Worldwide, liver failure is one of the main causes of death, and organ transplantation is the definitive therapy for this life-threatening condition. New approaches for repairing the liver are being developed because of the shortage of available livers for transplantation. Cell therapies are one of the most promising alternatives to entire/partial liver transplantation. And, with the application of stem cell therapies, the need for transplantation of a partial/complete human liver to cure the patient can be eliminated. Stem cell therapies have the potential to enhance hepatic regeneration.
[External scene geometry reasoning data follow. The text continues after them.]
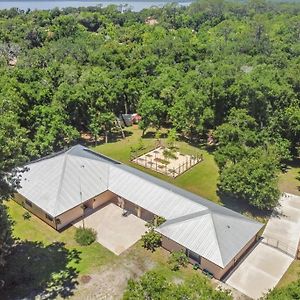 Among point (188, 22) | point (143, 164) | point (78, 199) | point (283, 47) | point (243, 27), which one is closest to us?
point (78, 199)

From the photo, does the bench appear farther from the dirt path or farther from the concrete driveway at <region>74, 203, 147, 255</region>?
the concrete driveway at <region>74, 203, 147, 255</region>

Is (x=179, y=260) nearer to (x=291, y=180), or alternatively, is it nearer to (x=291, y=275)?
(x=291, y=275)

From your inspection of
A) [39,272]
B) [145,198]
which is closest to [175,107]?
[145,198]

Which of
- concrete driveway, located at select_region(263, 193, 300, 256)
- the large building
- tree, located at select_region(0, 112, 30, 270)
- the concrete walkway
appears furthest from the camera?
concrete driveway, located at select_region(263, 193, 300, 256)

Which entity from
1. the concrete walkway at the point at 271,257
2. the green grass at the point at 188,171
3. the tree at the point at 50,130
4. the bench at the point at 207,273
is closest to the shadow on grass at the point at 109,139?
the green grass at the point at 188,171

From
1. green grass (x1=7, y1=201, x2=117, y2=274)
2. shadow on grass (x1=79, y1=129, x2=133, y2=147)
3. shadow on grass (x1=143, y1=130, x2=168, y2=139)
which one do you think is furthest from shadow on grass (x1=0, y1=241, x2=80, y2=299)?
shadow on grass (x1=143, y1=130, x2=168, y2=139)

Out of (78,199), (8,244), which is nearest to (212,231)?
(78,199)

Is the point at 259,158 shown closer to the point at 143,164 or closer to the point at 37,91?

At present, both in vitro and in vivo studies are investigating the ability of stem cells to give rise to hepatocytes. Somatic stem cells, hepatic stem cells, small hepatocytes, cord blood-derived hepatic progenitor cells, human hepatocyte cell lines, and bone marrow stem cells have the ability to differentiate into hepatocytes, and these cells can be used in regenerative medicine in treating liver diseases. In addition, embryonic and induced pluripotent stem cells could be used as a suitable source to regenerate hepatocytes. Although stem cells provide a valuable resource for cell-based therapies for liver disease, the application of stem cell transplantation in humans for liver diseases need larger efficacy and safety studies. Standardization and optimization of methods and protocols for isolating specific cell types is required.